25 апреля 2003 года в Бремене семнадцатилетний ливанец угнал рейсовый автобус. Он хотел стать воином Аллаха, добиться освобождения пленных «Аль-Каиды» и отправиться в Израиль, чтобы убивать евреев. Ему были доступны все права и свободы гражданина Германии, но он не чувствовал, что может на равных с коренным населением участвовать в социальной гонке. Вот что он написал в письме своим законопослушным родителям: «Моя жизнь – это сплошной стресс. […] Я буду круче, чем Бен Ладен». Вместе с ним одну и ту же мечеть посещал молодой турок из Бремена. Позже он попал в плен американского контингента в Афганистане и был отправлен в Гуантанамо (Млодоч/Шнейдер, 2003). Почти одновременно с этим жителем Бремена в Англии 50 молодых людей прошли обучение, целью которого было уничтожение иудеев в Израиле. Двое из них – Омар Хан Шариф из Дерби и Азиф Мохаммед Ханиф из Хаунслоу – совершили теракт в Тель-Авиве 30 апреля 2003 года, в ходе которого погибли три человека (Килингер, 2003).
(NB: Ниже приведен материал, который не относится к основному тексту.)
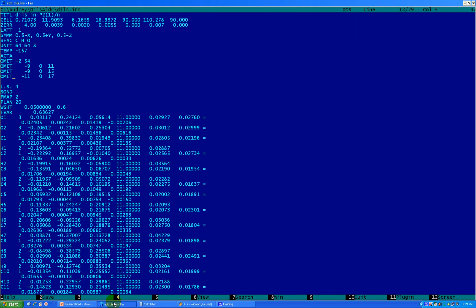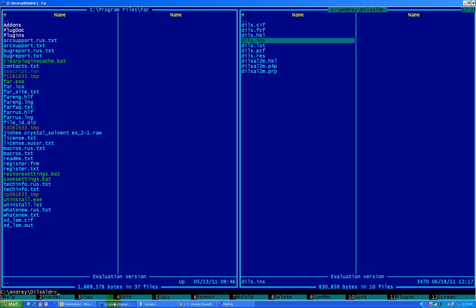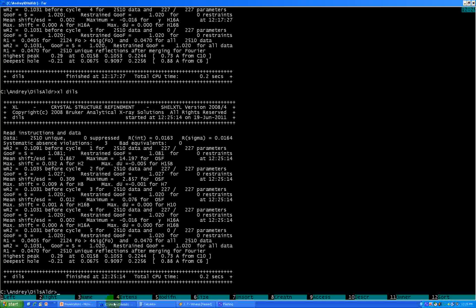After you finish typing OMIT here, go and escape and save it. The next thing what you do is just do the refinement. You can clearly see that it's helped us to decrease somewhat our GOOF. It's decreased somewhat of our factor, decreased somewhat of our peak, so it doesn't help us that much. The next step what you can do, you can even further improve your structure by continuing playing with the weight scheme.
Многие молодые люди не могут добиться значительных высот на своей новой родине. Это отличает их от тех, кто занимает эти территории по праву рождения. Из-за этого же неравенства возможностей вновь прибывшие молодые мигранты, находящиеся на социальном дне и его периферии, начинают испытывать больше симпатий к своим радикальным братьям, которые остались на исторической родине. Так, например, всего лишь 41 % британских мусульман готовы интегрироваться в общество. «Однако среди молодежи растут антиассимиляционные настроения», – пишет Хаймрих в 2003 году. Такое отношение, подкрепляемое постоянными кровопролитиями, очень сильно влияет на общество. В конце 2002 года около 84 % американцев и 68 % граждан ЕС высказались за усиление контроля миграционных потоков, целью которого должно быть предотвращение международного терроризма (по данным опросов CFR/GMF, 2002).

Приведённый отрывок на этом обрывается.